Many people have asked me about how people react to us being a transracial family. Today I had two funny things happen so I thought I would share them with you so you could see some of the ignorant things people say. I should tell you that many days, although many people will stare, we usually never have anyone say silly things like this.
I met Alison B. for a quick lunch/shopping trip. I stopped in Janie and Jack to look for Christmas shirts for the boys. I was holding Charlotte while Alison and Norah were outside the store waiting on me. I quickly found two sweaters and headed to check out. The sales lady, who was very nice I might add, began commenting on how sweet Charlotte was. She was asking me questions like how old is she, how much does she weigh, etc. I then told her that I wasn't her mom. She then asked me how many kids I had, I answered and then told her our youngest was adopted. Her face immediately lit up and she said, "it's so funny you mentioned adoption. I was just telling my family we need to go to the town orphanage and see if we could help out." I just smiled, paid and left, wishing her good luck in her endeavors. Good luck finding the town orphanage.
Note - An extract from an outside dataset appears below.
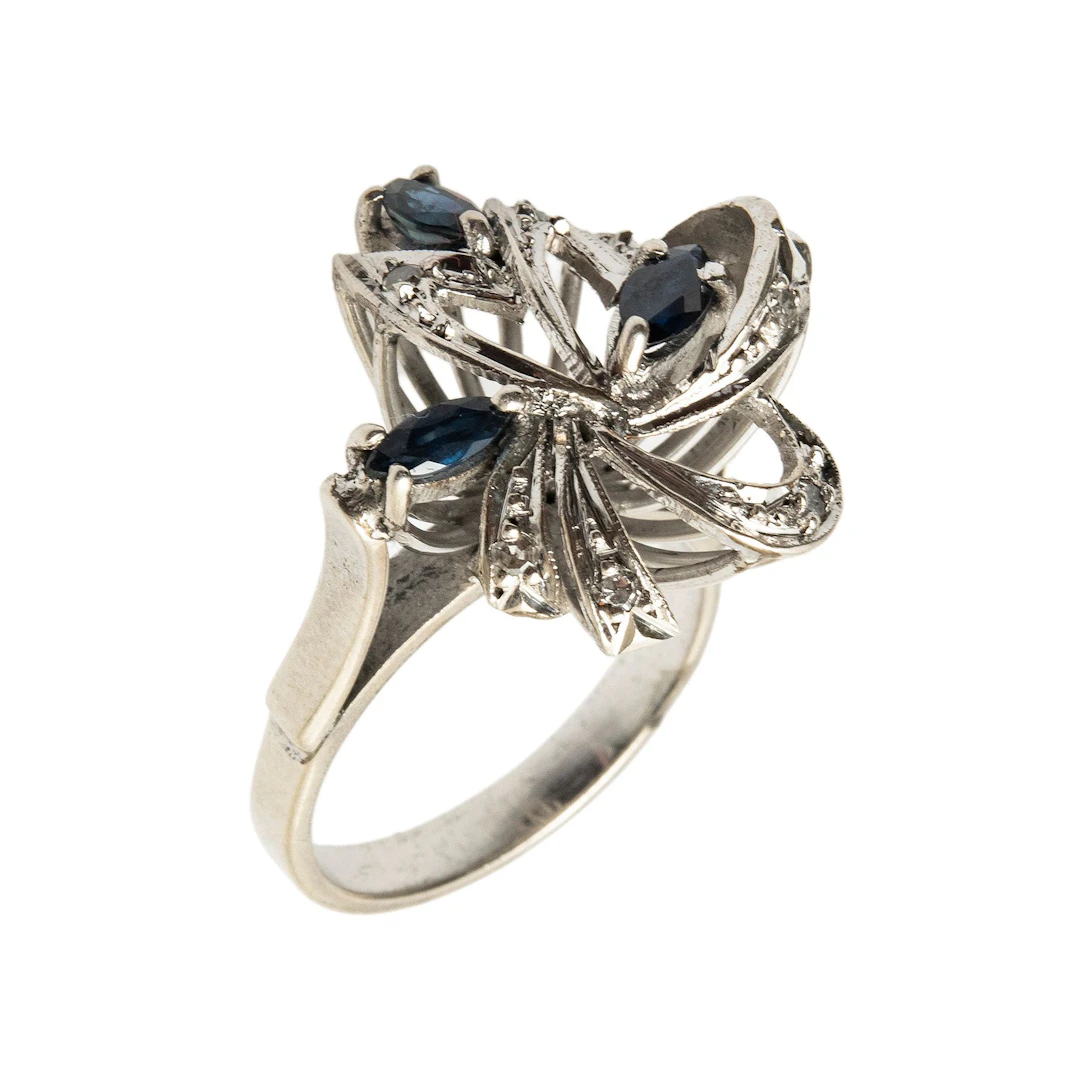 ANILLO CON ZAFIROS Y DIAMANTES EN PLATA PALADIO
Then, it was off to lunch and then playland for Norah. While Norah was running around, I was sitting there holding Charlotte when another sweet lady approached and asked how old she was. I told her and then she asked if she could touch her hair. Sure. Then, she asked me how much she weighed. I said, "um, I'm not her mom, I'm not sure" to which she said, "well, that's obvious that you aren't her mom" I felt like I had been smacked. I wish you could have seen her face when I then asked Alison how much she weighed and loudly said, "and there's her big sister" and pointed to Norah. Hmmm...shouldn't assume I couldn't be her mom.
I make ignorant comments all the time. We've all asked how far along a woman is when she really isn't pregnant. I guess I just try to be more aware of what I say now. That "normal" is no longer 2 kids and a white picket fence. I love being a transracial family. I love that others feel comfortable around us, especially those that also don't have the traditional family.